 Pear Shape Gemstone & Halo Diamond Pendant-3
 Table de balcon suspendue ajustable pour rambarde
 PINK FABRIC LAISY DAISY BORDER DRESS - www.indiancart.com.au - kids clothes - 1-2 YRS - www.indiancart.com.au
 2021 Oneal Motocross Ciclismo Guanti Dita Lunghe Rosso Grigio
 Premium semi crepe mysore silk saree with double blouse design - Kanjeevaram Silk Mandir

○ ○ ○ ○ ○

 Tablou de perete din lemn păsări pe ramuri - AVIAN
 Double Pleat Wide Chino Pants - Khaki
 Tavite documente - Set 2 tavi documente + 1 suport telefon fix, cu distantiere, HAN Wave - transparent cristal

○ ○ ○ ○ ○

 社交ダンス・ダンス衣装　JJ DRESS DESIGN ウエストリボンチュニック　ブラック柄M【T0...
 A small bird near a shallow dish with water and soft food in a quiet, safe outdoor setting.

○ ○ ○ ○ ○

§ **Your objective**
Please copy, exactly and with nothing else, the lines above beginning at the line that has "Pear Shape Gemstone & Halo Diamond Pendant-3" and ending with the line that has "Premium semi crepe".

§ **Response to this exercise**
 Pear Shape Gemstone & Halo Diamond Pendant-3
 Table de balcon suspendue ajustable pour rambarde
 PINK FABRIC LAISY DAISY BORDER DRESS - www.indiancart.com.au - kids clothes - 1-2 YRS - www.indiancart.com.au
 2021 Oneal Motocross Ciclismo Guanti Dita Lunghe Rosso Grigio
 Premium semi crepe mysore silk saree with double blouse design - Kanjeevaram Silk Mandir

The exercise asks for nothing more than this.